Aim of the task -
Write out every line of the data below exactly as given.
━━ Dataset section
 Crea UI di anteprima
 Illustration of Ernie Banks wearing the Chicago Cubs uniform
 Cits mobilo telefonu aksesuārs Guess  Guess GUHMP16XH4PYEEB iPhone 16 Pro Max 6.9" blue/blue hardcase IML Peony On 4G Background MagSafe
━━━━
Exercise result -
 Crea UI di anteprima
 Illustration of Ernie Banks wearing the Chicago Cubs uniform
 Cits mobilo telefonu aksesuārs Guess  Guess GUHMP16XH4PYEEB iPhone 16 Pro Max 6.9" blue/blue hardcase IML Peony On 4G Background MagSafe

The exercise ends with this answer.